Modified Botnia clamp-test. This test consists of an intravenous glucose tolerance test, for testing of beta-cell function, followed by a hyperinsulinemic-euglycemic clamp-test providing dynamic measures of insulin secretion and sensitivity [39]. The hyperinsulinemic euglycemic clamp-test has an estimated intraindividual coefficient of variation (CV) of 6% [41].

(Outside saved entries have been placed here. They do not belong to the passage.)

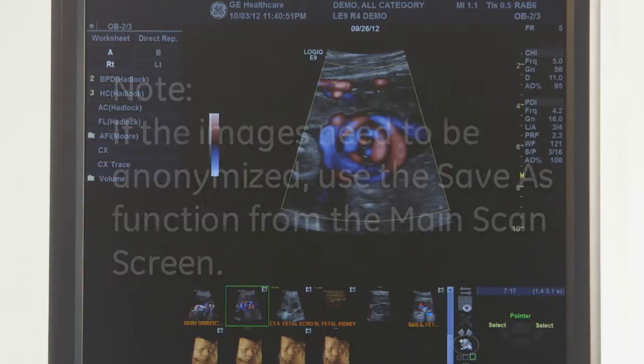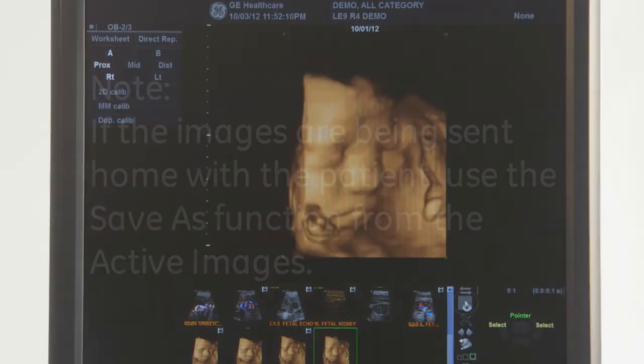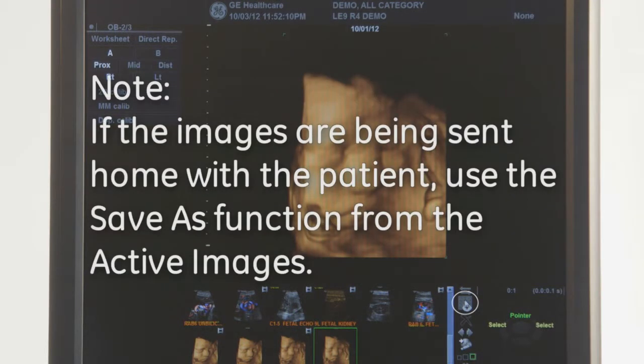Saving individual images as JPEG or AVI format can be done for presentation or to send home with the patient. If the images need to be anonymized, use the Save As function from the main scan screen. If sending with the patient, use Save As from the active images.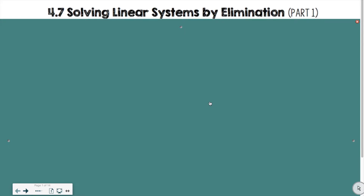Hi guys, it's Mrs. Glenn. Welcome to the 4.7 Solving Linear Systems by Elimination.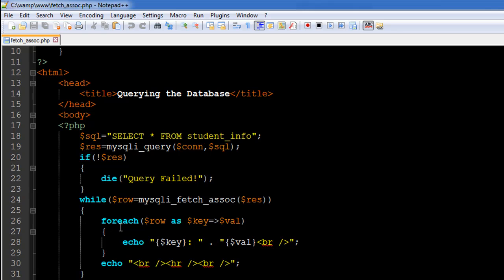...and this is the associative array that we're going to work with. So in each while loop iteration it's going to have one row from the result set and we're going to use key and val as the placeholders for the keys in the associative array and the values in the associative array.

Calculations. Whole-body insulin sensitivity (M-value, expressed as mg*kg^−1^*min^−1^), is assessed from mean glucose infusion rates with space correction during steady state conditions of the clamp [39]. Infusion of [6,6–^2^H_2_]-glucose is used to assess hepatic insulin sensitivity by suppression of EGP and the fasting HEP-IR [42, 43]. The adipose tissue insulin sensitivity is assessed by the suppression of the plasma NEFA concentrations during the clamp-test [29, 44]. In addition, the fasting Adipo-IR is calculated as described [45]. Surrogate markers of steatosis and hepatic fibrosis are calculated from routine laboratory variables [46].

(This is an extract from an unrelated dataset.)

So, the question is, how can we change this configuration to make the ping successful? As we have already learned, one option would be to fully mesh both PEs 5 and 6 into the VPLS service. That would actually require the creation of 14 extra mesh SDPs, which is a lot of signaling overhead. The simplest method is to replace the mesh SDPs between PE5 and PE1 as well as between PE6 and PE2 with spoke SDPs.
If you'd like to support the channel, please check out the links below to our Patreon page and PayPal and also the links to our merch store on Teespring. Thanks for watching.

MRI, MRS and MRE. All magnetic resonance measurements are performed after an overnight fasting on a clinical 3-Tesla scanner (Achieva dStream X-series, Philips Healthcare, Best, The Netherlands), by trained personnel, strictly according to standardized operation procedures. Table 1 describes the specific exclusion criteria for these measurements, which can lead to missing data, for example due to claustrophobia. All data are acquired without use of contrast agents or applying a sedative. Total, subcutaneous and visceral adipose tissue volumes are quantified by whole-body MRI employing T1-weighted fast spin-echo [47] and post-processing by a trained operator using SliceOmatic® v5.0 software (Tomovision, Montréal, Quebec, Canada). Hepatic MRI, ^1^H-/^31^P-MRS and MRE are carried out for quantitative assessment of hepatic volume, lipid content, absolute concentration of ^31^P metabolites and stiffness [48–50]. Intramyocellular lipid content in tibialis anterior muscles is quantified using ^1^H-MRS [51]. In a separate session, participants undergo cardiac Cine MRI measurements (repetition time/echo time = 2.9/1.5 ms, 10 mm of slice thickness and temporal resolution of ~ 30 ms) for the characterization of left ventricular structure and function, and strains as predictors of left ventricular diastolic dysfunction and adverse outcomes [52]. The CVs of 4-10% are within the range from our previous and other studies [50, 53–55].
Transient elastography. Vibration-controlled transient elastography (FibroScan®, Echosens, Paris, France) is performed by a trained physician using a minimum of 10 valid measurements (interquartile range < 0.30) for the assessment of liver steatosis (controlled attenuation parameter, expressed in dB/m) [56] and liver stiffness (expressed in kPa) [57].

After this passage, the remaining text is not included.